*Exercise materials*

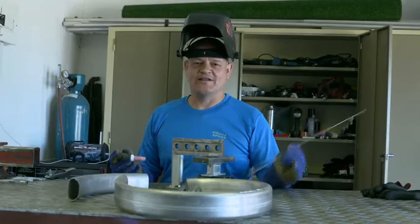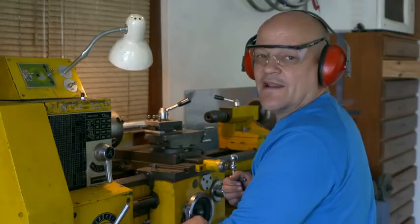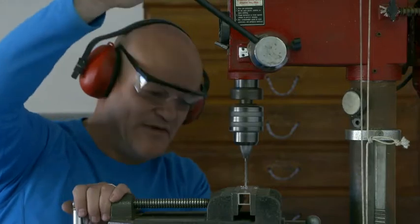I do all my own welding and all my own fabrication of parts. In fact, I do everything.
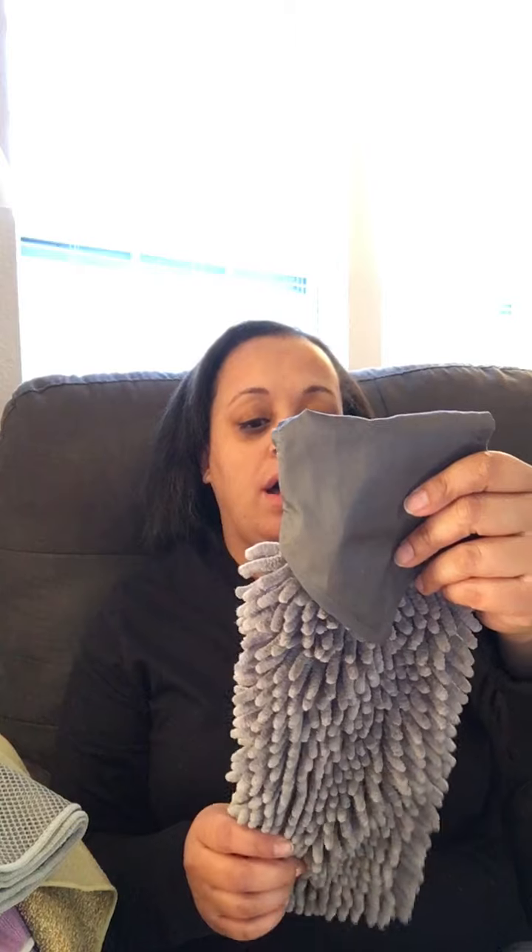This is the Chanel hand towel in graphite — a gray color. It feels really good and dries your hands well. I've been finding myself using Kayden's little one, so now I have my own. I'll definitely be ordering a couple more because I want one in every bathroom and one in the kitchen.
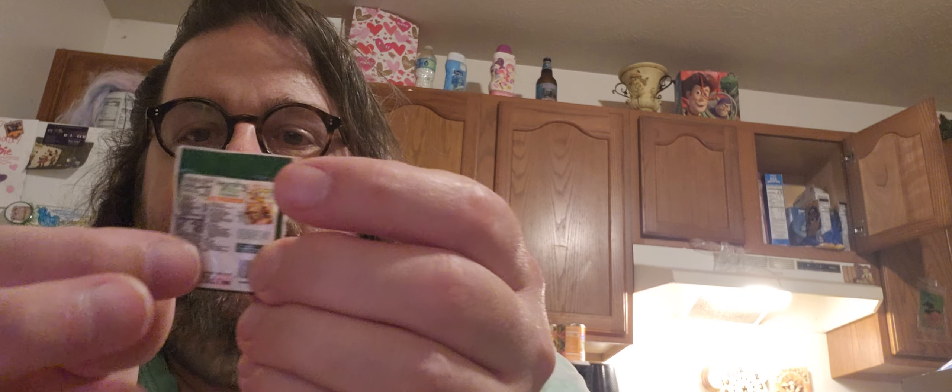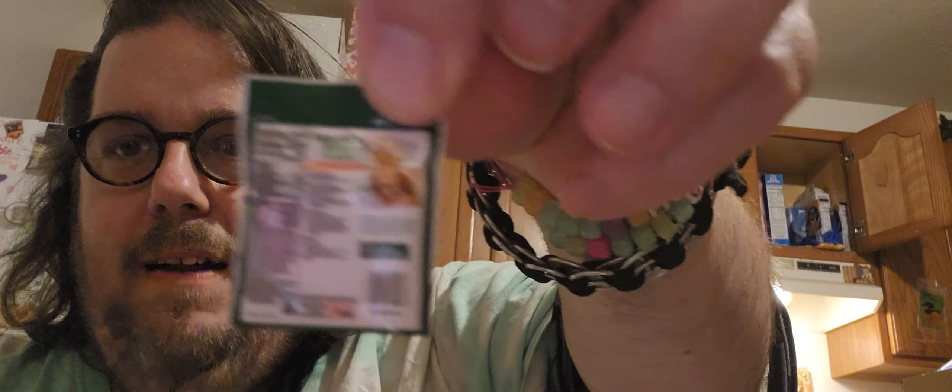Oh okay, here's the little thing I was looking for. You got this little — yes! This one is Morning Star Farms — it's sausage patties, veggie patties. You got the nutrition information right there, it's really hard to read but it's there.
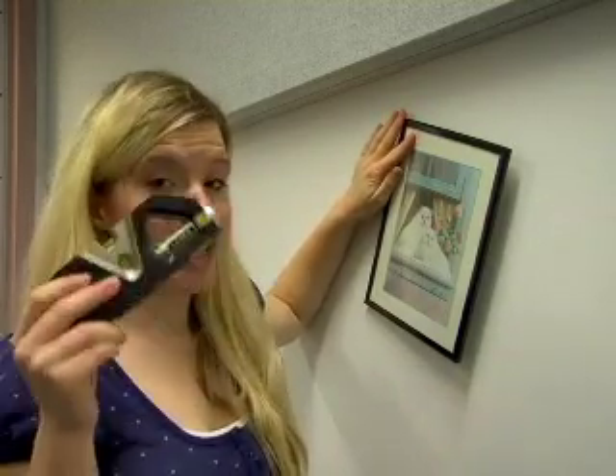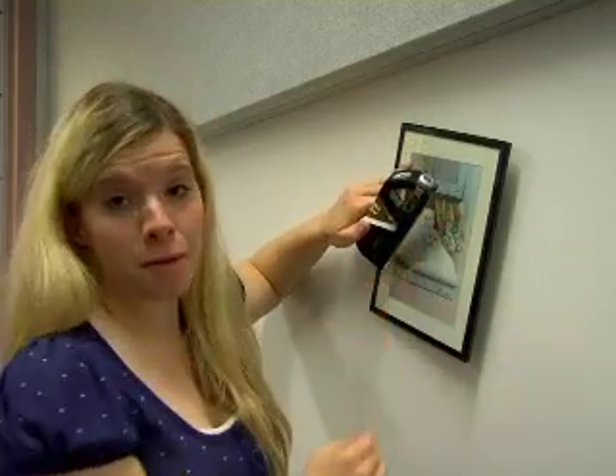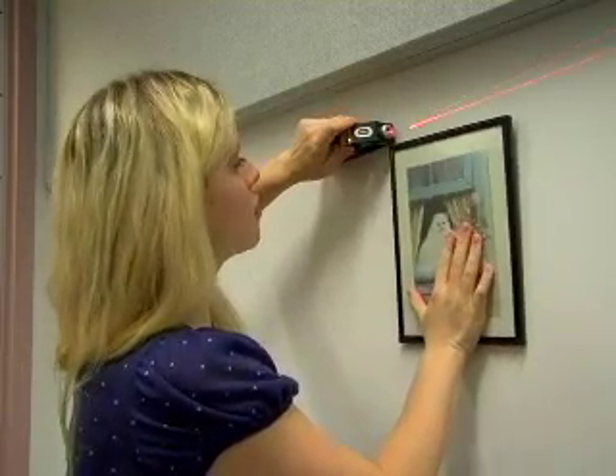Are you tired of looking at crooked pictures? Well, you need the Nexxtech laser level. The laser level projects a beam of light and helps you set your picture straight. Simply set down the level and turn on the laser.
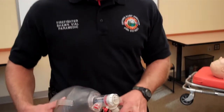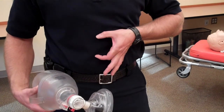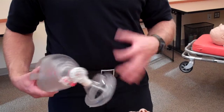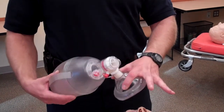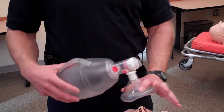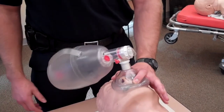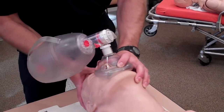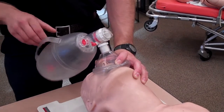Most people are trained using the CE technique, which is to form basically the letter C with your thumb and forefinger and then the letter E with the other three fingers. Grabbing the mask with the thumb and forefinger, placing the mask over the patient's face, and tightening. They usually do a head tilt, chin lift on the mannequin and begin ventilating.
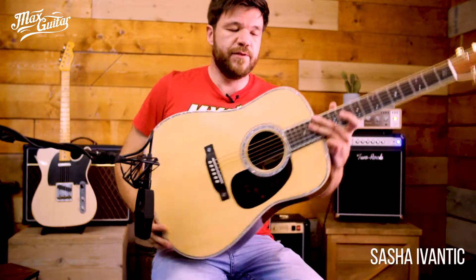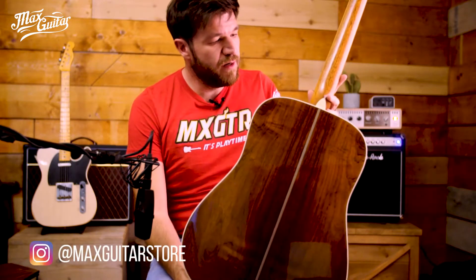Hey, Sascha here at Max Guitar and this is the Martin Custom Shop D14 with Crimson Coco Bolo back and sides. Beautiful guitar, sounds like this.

*Problem description*
The answer must be the lines above, word for word, from the first one through the line with "This is the Chanel", pictures excluded.

*Output*
I do all my own welding and all my own fabrication of parts. In fact, I do everything.
This is the Chanel hand towel in graphite — a gray color. It feels really good and dries your hands well. I've been finding myself using Kayden's little one, so now I have my own. I'll definitely be ordering a couple more because I want one in every bathroom and one in the kitchen.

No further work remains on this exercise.